This is the coming that should fill our thoughts, and our prayers.  This is where the second coming begins, it may not end there, there may be spectacular things to come, but, for the moment, like heaven itself, it begins here in the hearts of ordinary people, in the close and sometimes frightening reality of today.

Let us declare our faith in the resurrection of our Lord Jesus Christ:

Christ died for our sins in accordance with the scriptures;
he was buried; he was raised to life on the third day
in accordance with the scriptures;
afterwards he appeared to his followers,
and to all the apostles: this we have received,
and this we believe. Amen.
1 Corinthians 15.3-7

HYMN O come, O come, Emmanuel NEH 11/AMR 49 – Veni Emmanuel

1. O COME, O come, Emmanuel!

Redeem thy captive Israel,

That into exile drear is gone

Far from the face of God’s dear Son.

Rejoice! Rejoice! Emmanuel

Shall come to thee, O Israel.

2. O come, thou Wisdom from on high!

Who madest all in earth and sky,

Creating man from dust and clay:

To us reveal salvation’s way.

3. O come, O come, Adonai,

Who in thy glorious majesty

From Sinai’s mountain, clothed with awe,

Gavest thy folk the ancient law.

4. O come, thou Root of Jesse! draw

The quarry from the lion’s claw;

From those dread caverns of the grave,

From nether hell, thy people save.

5. O come, thou Lord of David’s Key!

The royal door fling wide and free;

Safeguard for us the heavenward road,

And bar the way to death’s abode.

6. O come, O come, thou Dayspring bright!
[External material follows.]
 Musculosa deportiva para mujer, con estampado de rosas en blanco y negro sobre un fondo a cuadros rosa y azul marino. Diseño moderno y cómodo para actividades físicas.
Pour on our souls thy healing light;

Dispel the long night’s lingering gloom,

And pierce the shadows of the tomb.

7. O come, Desire of nations! show

Thy kingly reign on earth below;

Thou Corner-stone, uniting all,

Restore the ruin of our fall.


O Lord, help us to hold ourselves ready and to live our lives righteously with faith, love and forgiveness.
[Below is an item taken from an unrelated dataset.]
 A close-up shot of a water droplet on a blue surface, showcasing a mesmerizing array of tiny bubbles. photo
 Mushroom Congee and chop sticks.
Thank you for the benefice of Compton, Hursley and Otterbourne and for William and all who minister in our churches.  As Advent begins and we enter the pre-Christmas period, we pray that our churches will be warm and inviting spaces where we can worship the coming of Christ and welcome in the wider community with events like the Tree Festival and Christingle services.  Help us to shine a light and spread joy.

Lord, in your mercy – Hear our prayer. 

We pray for peace in the world, for the end of war and conflict.  We think especially of Ukraine at this moment but we also remember those caught up in conflict in other parts of the world.

Lord, in your mercy – Hear our prayer. 

Let us not forget those in need, both in our own communities and in the wider community; the elderly, the sick and those struggling with the cost of living.  Give a thought at Christmas for the homeless on our streets and the organisations that help them:  the Beacon and the Trinity Centre in Winchester and other organisations elsewhere.

Lord, in your mercy – Hear our prayer. 

We pray for all those who are suffering illness, pain, depression, anxiety, bereavement and other hidden ailments.  We think especially of the families in Ukraine who will be facing a winter without power and we think also of the families in this country who cannot afford to heat their homes.  We pray today for Roger Loman and Jeannie Briton and we remember the recently departed:  John Gillings, Muriel Wilmshurst and Philip House.  As we think of anyone known to us personally, let us offer a prayer of hope and love.

Lord, in your mercy – Hear our prayer. 

In this season of Advent we look forward to a time of prayer, worship, thanksgiving and celebration.  As we go into the coming week, give us peace and love in our hearts, the strength to combat any setbacks, and help us to find the joy in all things.  May we go forward in expectation and hope.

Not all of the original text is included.